▶ **TASK PROMPT**
Return the full listing word for word, but drop every picture from it.

▶ **SUPPLIED MATERIAL**
━━━

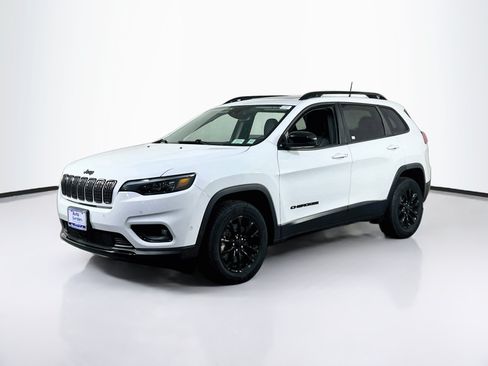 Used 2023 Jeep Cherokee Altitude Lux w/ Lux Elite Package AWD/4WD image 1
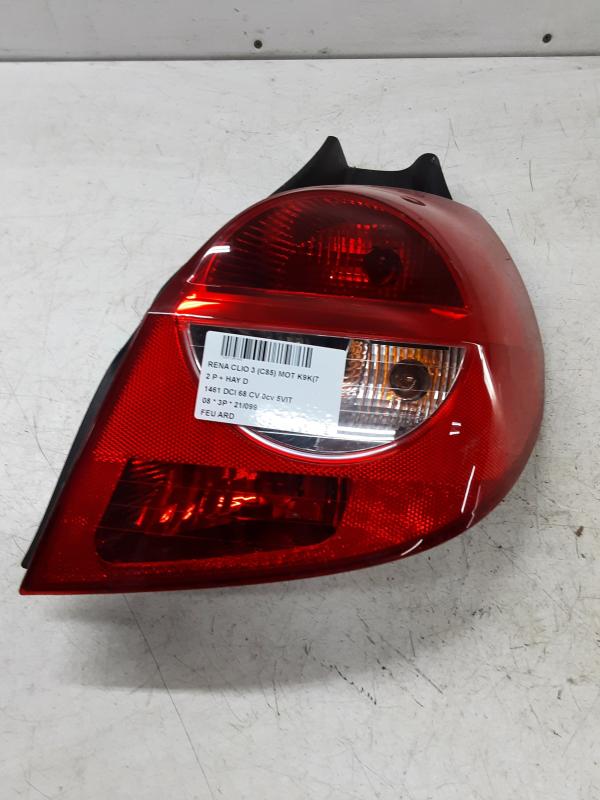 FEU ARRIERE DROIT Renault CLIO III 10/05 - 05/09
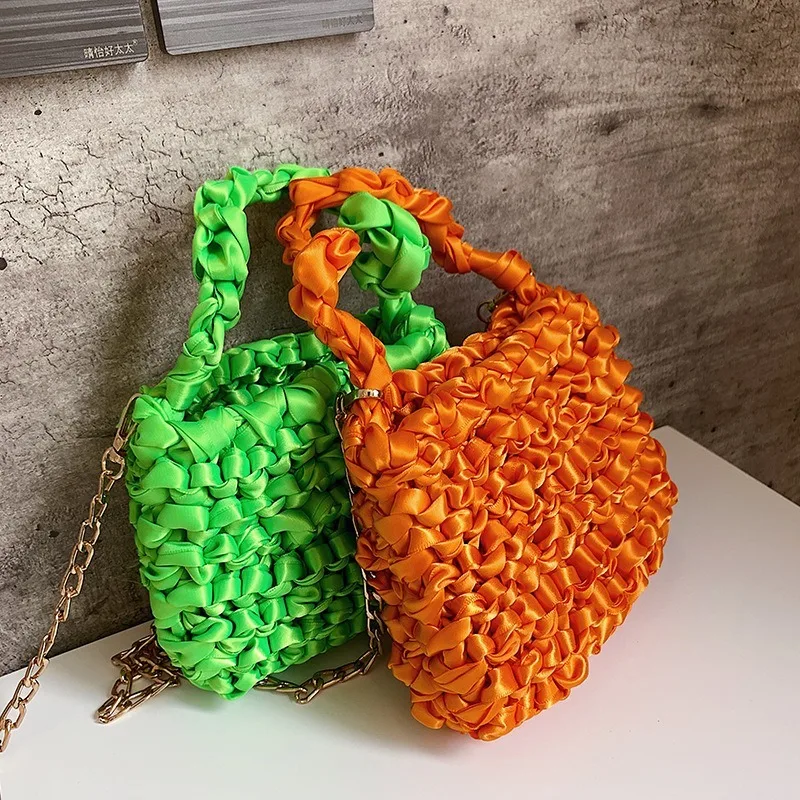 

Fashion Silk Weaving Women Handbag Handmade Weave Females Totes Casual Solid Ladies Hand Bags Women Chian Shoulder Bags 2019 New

━━━

▶ **EXPECTED OUTPUT**
 Used 2023 Jeep Cherokee Altitude Lux w/ Lux Elite Package AWD/4WD image 1
 FEU ARRIERE DROIT Renault CLIO III 10/05 - 05/09

Fashion Silk Weaving Women Handbag Handmade Weave Females Totes Casual Solid Ladies Hand Bags Women Chian Shoulder Bags 2019 New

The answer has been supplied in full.